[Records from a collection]
------------------------------------------------
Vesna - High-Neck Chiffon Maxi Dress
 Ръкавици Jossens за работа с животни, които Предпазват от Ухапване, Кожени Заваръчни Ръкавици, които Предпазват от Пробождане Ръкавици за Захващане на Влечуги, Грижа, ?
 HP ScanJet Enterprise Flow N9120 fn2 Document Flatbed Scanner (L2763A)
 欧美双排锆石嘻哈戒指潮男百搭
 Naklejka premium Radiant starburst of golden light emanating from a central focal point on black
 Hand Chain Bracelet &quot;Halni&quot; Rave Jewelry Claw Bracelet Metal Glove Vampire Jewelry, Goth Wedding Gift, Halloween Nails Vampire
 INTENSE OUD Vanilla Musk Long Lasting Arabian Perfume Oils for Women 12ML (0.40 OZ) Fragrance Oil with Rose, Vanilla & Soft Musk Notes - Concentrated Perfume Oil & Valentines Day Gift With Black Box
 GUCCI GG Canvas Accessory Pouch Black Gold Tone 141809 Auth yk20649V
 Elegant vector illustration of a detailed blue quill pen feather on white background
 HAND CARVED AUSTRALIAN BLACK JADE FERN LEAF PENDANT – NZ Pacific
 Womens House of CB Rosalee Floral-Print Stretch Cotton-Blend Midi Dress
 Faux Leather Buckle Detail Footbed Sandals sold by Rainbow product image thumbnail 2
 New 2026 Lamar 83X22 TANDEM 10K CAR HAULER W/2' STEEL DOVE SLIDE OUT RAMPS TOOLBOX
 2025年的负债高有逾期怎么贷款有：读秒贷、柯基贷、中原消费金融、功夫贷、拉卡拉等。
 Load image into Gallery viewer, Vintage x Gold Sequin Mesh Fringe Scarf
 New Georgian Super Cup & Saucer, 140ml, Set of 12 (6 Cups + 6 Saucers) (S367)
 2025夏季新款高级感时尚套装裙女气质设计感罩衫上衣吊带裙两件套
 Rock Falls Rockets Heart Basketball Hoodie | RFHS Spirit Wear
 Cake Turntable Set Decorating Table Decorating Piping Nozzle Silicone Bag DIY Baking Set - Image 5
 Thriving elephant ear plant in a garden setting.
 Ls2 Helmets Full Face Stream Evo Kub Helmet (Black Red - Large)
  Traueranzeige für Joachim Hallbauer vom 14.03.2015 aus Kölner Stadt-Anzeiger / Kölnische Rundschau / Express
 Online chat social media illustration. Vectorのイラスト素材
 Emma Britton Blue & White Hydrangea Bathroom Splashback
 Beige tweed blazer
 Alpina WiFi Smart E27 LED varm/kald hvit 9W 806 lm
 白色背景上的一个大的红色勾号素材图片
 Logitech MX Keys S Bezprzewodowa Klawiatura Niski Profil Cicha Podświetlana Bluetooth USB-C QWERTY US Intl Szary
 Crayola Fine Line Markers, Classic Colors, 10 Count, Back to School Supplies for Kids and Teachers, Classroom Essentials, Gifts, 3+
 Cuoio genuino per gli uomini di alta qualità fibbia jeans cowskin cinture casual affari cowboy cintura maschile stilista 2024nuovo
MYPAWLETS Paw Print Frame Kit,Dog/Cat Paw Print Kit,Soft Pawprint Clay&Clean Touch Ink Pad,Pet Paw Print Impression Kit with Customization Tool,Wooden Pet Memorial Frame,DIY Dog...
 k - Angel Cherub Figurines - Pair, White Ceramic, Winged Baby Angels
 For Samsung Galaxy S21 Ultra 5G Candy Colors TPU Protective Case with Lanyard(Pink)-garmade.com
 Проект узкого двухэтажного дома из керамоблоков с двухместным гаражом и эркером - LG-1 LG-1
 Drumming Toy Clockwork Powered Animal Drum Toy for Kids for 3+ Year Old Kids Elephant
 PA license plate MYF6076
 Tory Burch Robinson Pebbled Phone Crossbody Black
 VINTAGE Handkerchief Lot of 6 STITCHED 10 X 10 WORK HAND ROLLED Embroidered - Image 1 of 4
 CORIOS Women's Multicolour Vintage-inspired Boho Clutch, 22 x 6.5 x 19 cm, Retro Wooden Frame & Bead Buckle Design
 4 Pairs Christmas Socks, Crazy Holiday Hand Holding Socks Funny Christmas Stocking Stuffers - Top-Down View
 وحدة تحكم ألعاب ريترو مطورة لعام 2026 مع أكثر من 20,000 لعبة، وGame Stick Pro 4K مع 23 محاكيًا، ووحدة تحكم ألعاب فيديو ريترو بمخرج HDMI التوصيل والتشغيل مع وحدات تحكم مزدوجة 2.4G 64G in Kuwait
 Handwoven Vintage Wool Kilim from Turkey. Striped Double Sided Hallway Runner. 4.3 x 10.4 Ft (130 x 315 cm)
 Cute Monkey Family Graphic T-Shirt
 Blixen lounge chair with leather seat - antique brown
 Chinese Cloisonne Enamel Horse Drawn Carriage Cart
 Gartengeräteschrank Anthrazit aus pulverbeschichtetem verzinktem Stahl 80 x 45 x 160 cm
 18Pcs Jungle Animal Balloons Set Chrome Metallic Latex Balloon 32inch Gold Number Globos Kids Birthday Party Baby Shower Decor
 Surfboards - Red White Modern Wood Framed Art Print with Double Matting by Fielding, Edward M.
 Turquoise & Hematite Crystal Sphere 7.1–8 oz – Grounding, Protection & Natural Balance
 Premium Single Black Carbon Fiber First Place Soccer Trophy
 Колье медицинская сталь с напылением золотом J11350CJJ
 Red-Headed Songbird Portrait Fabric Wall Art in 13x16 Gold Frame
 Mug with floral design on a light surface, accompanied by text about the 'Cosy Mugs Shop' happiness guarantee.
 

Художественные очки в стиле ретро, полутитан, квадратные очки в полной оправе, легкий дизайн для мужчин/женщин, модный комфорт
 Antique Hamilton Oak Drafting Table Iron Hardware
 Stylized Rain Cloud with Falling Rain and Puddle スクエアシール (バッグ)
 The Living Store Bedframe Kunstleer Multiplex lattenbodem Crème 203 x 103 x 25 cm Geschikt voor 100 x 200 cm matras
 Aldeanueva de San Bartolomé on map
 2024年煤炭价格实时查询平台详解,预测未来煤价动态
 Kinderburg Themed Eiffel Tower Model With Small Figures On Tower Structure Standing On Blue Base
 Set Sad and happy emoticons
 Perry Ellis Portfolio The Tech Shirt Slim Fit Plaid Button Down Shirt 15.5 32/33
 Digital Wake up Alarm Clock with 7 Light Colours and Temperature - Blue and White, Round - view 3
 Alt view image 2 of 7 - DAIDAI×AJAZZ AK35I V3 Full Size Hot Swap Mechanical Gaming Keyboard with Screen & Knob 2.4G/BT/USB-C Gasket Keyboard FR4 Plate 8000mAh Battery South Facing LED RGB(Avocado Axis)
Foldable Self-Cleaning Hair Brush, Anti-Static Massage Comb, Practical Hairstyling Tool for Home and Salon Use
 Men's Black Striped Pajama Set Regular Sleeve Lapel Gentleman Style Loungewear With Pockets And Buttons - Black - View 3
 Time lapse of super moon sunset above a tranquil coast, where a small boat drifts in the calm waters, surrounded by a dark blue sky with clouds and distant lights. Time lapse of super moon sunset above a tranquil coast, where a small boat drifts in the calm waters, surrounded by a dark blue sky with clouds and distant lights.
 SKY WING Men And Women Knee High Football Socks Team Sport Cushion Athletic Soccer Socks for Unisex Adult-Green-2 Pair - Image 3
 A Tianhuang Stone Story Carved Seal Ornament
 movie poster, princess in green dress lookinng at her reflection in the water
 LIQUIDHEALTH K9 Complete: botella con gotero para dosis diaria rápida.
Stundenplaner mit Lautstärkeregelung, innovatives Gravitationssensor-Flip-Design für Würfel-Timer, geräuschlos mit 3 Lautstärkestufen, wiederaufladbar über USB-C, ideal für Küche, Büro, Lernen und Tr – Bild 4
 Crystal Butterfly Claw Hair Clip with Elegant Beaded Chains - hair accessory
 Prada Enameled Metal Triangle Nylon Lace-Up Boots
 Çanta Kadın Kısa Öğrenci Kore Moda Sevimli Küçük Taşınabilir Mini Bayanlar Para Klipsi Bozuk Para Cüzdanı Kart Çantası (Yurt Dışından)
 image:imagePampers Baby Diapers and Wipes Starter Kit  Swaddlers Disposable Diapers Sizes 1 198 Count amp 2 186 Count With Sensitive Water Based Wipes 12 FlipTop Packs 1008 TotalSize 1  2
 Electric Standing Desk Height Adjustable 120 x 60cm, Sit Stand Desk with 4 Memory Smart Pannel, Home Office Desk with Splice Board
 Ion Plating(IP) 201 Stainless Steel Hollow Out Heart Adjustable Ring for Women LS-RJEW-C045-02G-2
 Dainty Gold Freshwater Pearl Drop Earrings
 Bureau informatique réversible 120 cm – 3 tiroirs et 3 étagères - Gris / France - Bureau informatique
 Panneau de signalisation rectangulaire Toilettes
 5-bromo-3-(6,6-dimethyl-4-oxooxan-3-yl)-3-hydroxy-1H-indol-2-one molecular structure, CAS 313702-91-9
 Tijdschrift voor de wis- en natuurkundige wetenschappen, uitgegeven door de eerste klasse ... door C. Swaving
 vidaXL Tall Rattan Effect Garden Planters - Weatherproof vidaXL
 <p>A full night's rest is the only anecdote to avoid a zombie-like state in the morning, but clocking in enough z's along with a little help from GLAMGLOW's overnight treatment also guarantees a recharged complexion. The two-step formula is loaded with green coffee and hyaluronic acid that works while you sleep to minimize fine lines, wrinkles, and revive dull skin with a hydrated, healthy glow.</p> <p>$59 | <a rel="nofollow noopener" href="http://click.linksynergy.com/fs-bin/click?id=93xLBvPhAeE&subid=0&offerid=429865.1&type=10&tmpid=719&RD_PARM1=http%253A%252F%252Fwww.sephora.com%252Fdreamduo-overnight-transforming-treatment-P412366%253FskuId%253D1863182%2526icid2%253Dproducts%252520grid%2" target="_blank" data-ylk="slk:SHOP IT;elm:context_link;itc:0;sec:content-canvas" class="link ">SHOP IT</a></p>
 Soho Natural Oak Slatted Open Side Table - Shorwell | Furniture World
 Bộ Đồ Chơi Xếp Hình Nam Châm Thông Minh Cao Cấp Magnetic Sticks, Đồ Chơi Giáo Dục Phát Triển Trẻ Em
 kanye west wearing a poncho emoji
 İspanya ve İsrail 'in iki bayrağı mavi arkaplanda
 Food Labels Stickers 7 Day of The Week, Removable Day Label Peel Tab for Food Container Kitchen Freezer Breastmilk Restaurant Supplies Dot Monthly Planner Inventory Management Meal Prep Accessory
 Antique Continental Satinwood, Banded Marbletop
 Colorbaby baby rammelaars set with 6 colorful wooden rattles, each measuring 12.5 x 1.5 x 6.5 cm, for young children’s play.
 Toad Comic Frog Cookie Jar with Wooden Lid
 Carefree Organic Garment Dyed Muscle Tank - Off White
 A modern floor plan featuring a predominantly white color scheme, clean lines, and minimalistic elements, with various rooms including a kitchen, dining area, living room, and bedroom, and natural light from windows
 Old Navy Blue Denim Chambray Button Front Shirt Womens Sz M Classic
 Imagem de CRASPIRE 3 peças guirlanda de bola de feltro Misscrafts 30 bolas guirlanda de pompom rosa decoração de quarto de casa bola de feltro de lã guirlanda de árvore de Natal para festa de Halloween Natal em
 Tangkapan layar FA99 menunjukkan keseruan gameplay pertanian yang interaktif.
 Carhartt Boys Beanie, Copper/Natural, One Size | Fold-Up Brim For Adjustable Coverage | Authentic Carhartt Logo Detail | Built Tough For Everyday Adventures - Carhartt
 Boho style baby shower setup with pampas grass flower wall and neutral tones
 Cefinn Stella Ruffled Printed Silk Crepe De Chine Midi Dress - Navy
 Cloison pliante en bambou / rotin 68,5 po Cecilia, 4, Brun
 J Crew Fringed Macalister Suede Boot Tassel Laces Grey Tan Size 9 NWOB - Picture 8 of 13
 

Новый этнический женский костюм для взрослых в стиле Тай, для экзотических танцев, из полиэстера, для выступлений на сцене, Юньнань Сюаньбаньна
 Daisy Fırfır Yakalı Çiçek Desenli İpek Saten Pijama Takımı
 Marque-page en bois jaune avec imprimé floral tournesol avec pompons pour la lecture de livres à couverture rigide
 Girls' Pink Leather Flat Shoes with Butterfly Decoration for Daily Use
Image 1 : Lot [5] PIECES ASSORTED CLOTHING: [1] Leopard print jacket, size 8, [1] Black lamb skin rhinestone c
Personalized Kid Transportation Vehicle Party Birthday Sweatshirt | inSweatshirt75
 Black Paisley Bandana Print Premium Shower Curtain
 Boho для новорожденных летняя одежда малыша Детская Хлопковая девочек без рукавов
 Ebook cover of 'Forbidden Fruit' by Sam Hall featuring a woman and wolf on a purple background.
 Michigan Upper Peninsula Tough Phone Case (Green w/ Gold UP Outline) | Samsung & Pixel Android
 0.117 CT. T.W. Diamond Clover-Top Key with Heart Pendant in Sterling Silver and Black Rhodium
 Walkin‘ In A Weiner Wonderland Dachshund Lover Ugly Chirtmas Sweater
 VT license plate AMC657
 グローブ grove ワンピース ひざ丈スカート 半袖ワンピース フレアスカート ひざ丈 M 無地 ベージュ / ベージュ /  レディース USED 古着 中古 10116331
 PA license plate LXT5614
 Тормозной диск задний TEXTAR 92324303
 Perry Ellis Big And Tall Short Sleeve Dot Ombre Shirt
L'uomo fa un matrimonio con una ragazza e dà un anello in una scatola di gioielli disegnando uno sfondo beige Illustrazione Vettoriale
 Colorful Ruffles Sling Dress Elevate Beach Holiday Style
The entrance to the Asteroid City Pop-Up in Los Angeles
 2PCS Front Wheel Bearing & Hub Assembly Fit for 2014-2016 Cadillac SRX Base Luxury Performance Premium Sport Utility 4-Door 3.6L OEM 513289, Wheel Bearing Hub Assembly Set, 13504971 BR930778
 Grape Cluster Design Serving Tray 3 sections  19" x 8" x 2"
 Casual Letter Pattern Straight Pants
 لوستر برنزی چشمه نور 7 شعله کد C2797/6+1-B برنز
------------------------------------------------
## YOUR TASK
Using the entries above, give back exactly the line containing "LIQUIDHEALTH K9 Complete: botella", the line containing "Stundenplaner mit Lautstärkeregelung, innovatives", and every line between them, and nothing else.

## RESULT OF THE TASK
 LIQUIDHEALTH K9 Complete: botella con gotero para dosis diaria rápida.
Stundenplaner mit Lautstärkeregelung, innovatives Gravitationssensor-Flip-Design für Würfel-Timer, geräuschlos mit 3 Lautstärkestufen, wiederaufladbar über USB-C, ideal für Küche, Büro, Lernen und Tr – Bild 4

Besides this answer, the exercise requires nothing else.